Model Performance Summary:
                MAE         RMSE       MAPE
ARIMA   2268.081615  2860.607690  24.432655
SARIMA  2560.832224  3163.069470  28.560471
ETS     2233.644482  2882.916658  22.573863

Champion Classical Model: ETS
Metrics: {'MAE': 2233.6444824990926, 'RMSE': 2882.9166581078257, 'MAPE': 22.573863404704717}


**## ### Combined Performance Summary: Baseline vs. Classical Models**

To provide a comprehensive overview, below are the performance tables for both the baseline models and the classical time series models. These were evaluated using the same metrics—Mean Absolute Error (MAE, in call counts), Root Mean Squared Error (RMSE, penalizing larger errors), and Mean Absolute Percentage Error (MAPE, as a percentage for relative accuracy)—via time-series cross-validation on the filled dataset. The baseline champion (Seasonal Naive) sets a strong benchmark, while the classical models aim to improve upon it by incorporating trends and seasonality more explicitly.

#### Baseline Models Performance
| Model          | MAE       | RMSE      | MAPE     |
|----------------|-----------|-----------|----------|
| Naive          | 2351.46  | 2942.38  | 24.84%  |
| Mean           | 1634.56  | 2154.49  | 18.23%  |
| Median         | 1613.91  | 2177.89  | 17.38%  |
| Seasonal Naive | 907.70   | 1359.05  | 9.67%   |

**Baseline Champion**: Seasonal Naive (lowest MAE of 908 calls and MAPE under 10%, leveraging the EDA's strong weekly seasonality).

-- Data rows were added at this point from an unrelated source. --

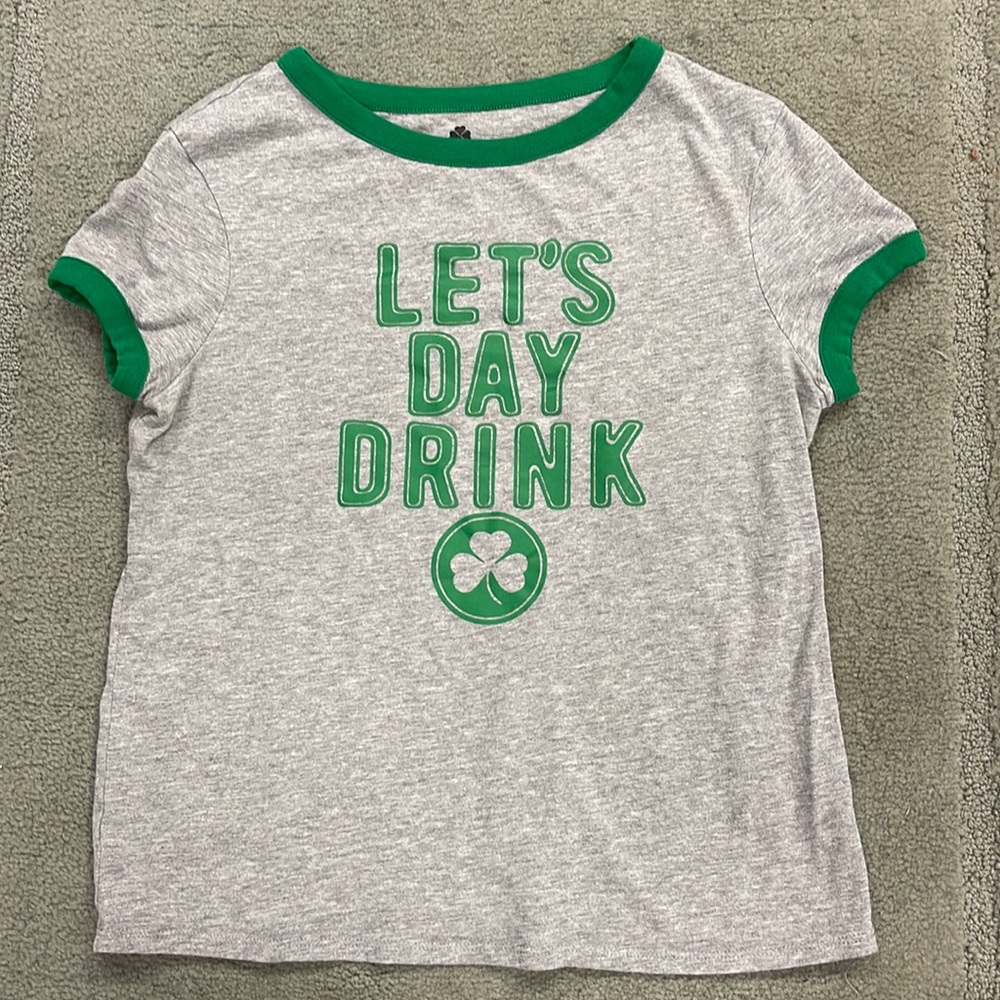 LET’S DAY DRINK Green Gray Shamrock T-Shirt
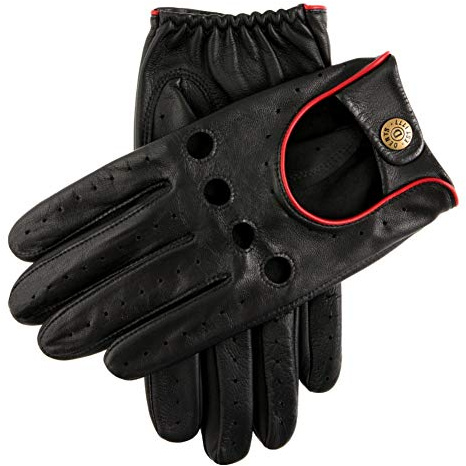 Dents Silverstone Men's Touchscreen Leather Driving Gloves BLACK/BERRY L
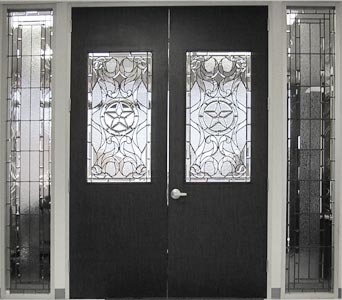 doors with leaded glass bevel panels BC310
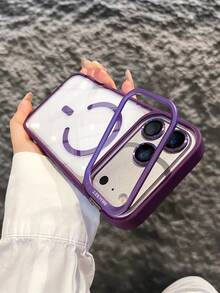 高级加厚磁吸式防震手机壳，带支架和钢化玻璃镜头保护膜，兼容 16/15/14/13/12/11 Pro Max Plus - 紫色 - 查看 33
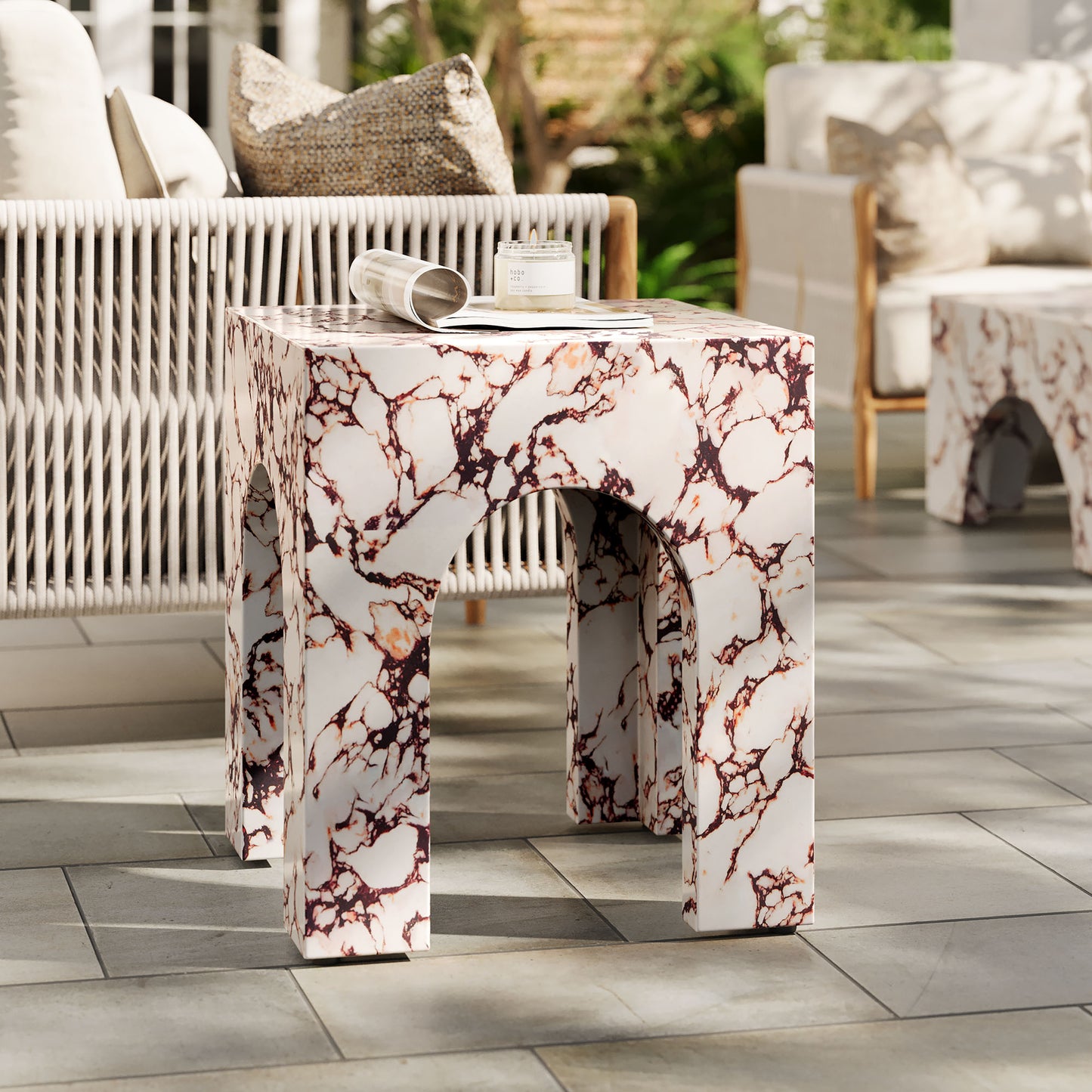 Valen Square Indoor - Outdoor Patio Arched Concrete Side Table by Furniture For America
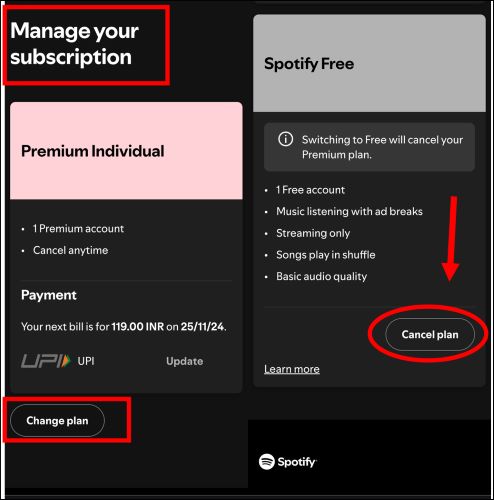 tap Cancel Plan | Cancel Spotify Premium Subscription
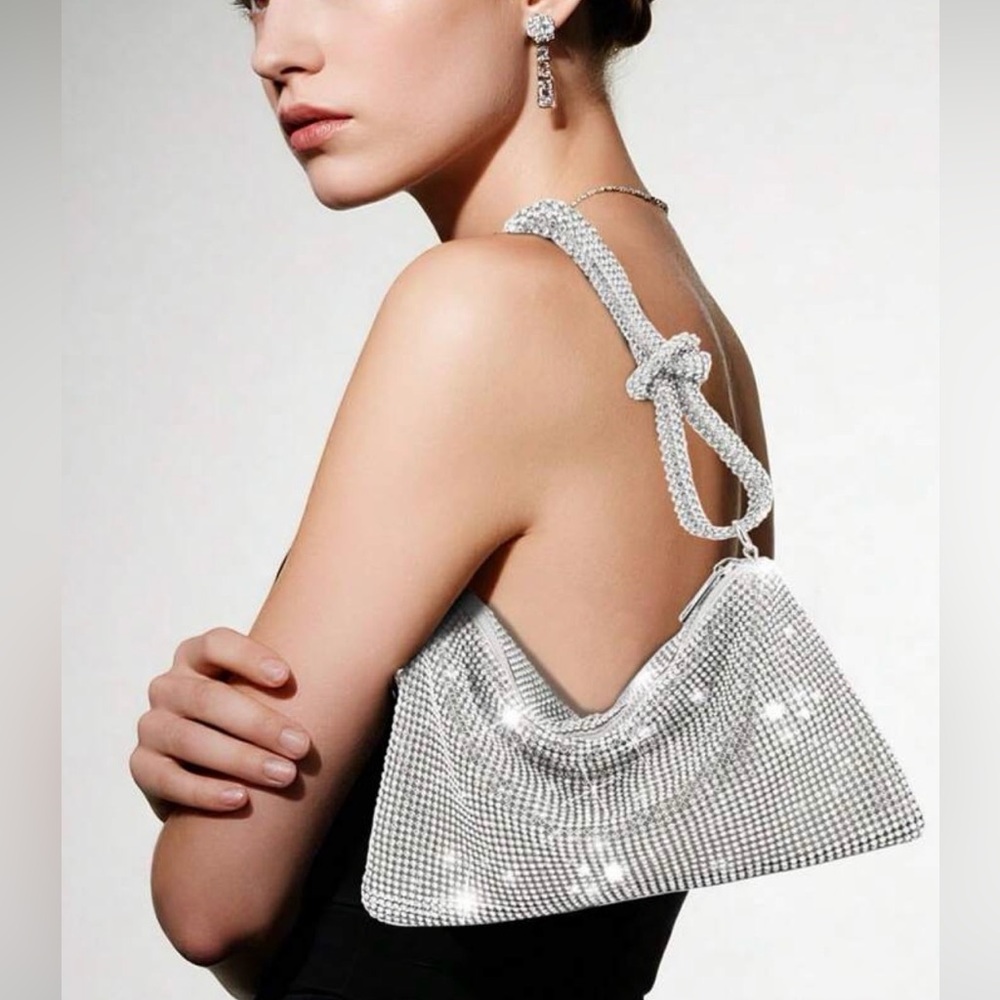 NEW Silver crystal rhinestone sparkly Women's Bag purse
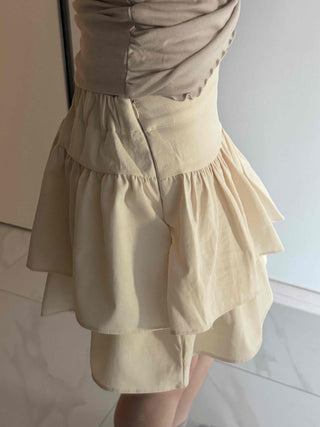 Shirred Double Ruffle A-Line Mini Skirt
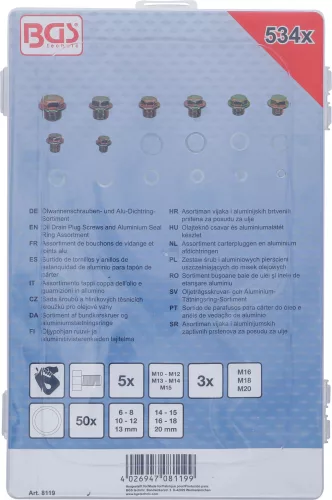 BGS technic Olajleersztő csavar és aluminium O gyűrű készlet 534 r (BGS 8119)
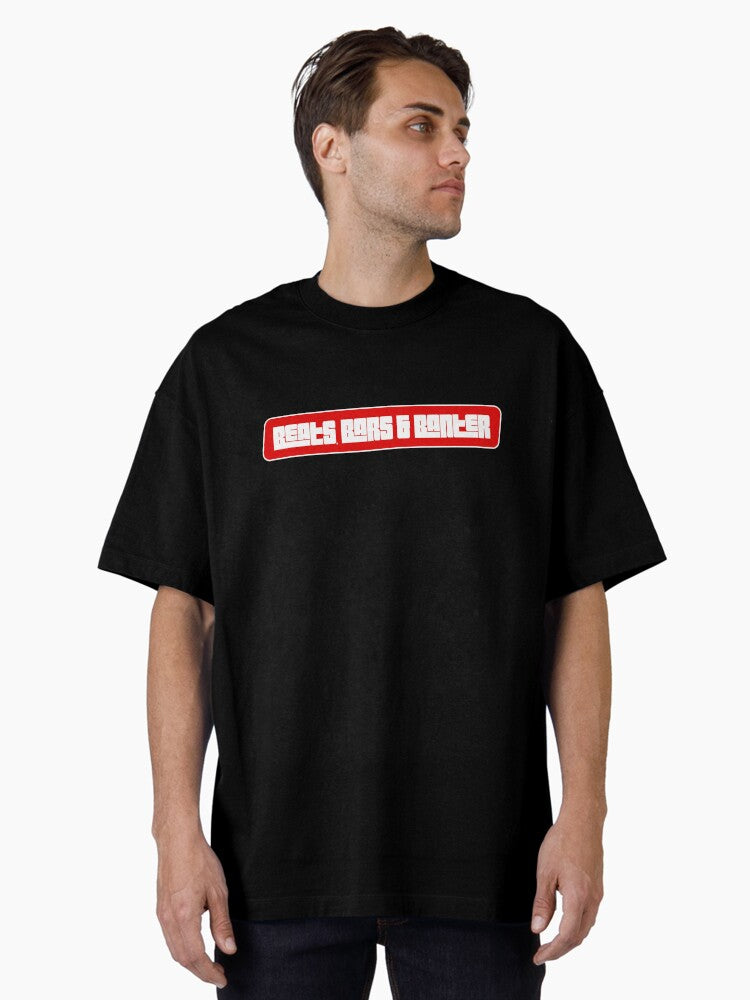 Beats Bars & Banter - Red Stripe Oversized T-shirt | Trendy Graphic Tee | Casual Unisex T-shirt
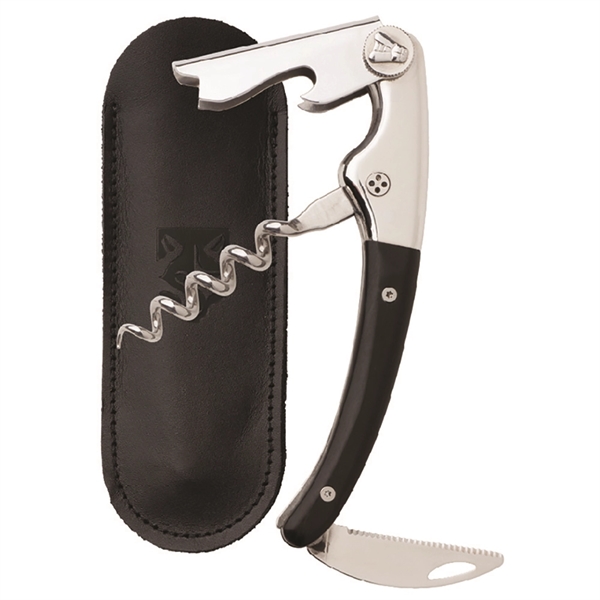Waiter's corkscrew that features a genuine black horn handle, black leather... from ASI 55450 Franmara Inc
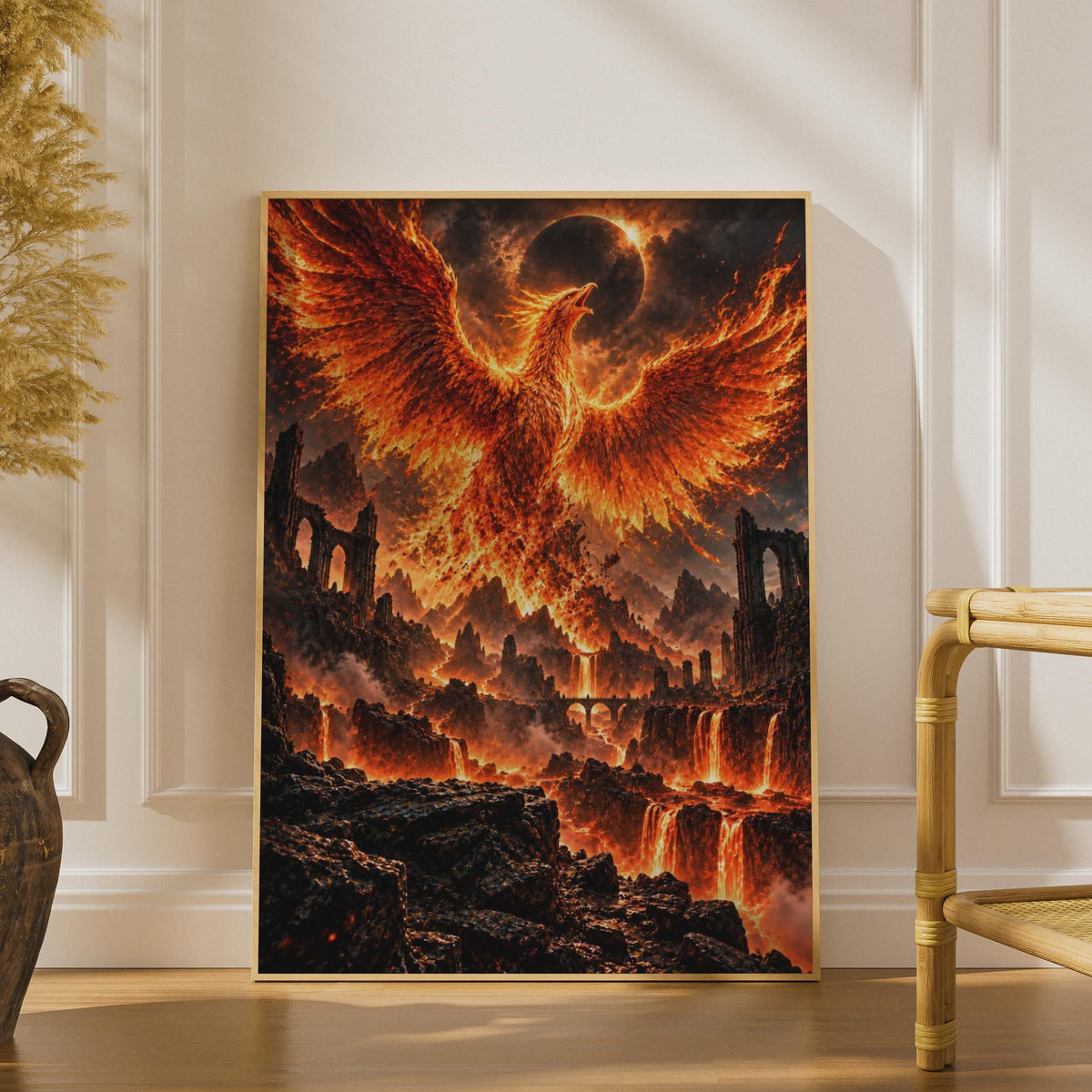 Phoenix Rising Fantasy Wall Art Print, Fire Bird Lava Eclipse Decor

#### Classical Models Performance
| Model   | MAE       | RMSE      | MAPE     |
|---------|-----------|-----------|----------|
| ARIMA   | 2268.08  | 2860.61  | 24.43%  |
| SARIMA  | 2560.83  | 3163.07  | 28.56%  |
| ETS     | 2233.64  | 2882.92  | 22.57%  |

**Classical Champion**: ETS (lowest MAE of 2,234 calls and MAPE of 23%, outperforming ARIMA and SARIMA but lagging behind baselines).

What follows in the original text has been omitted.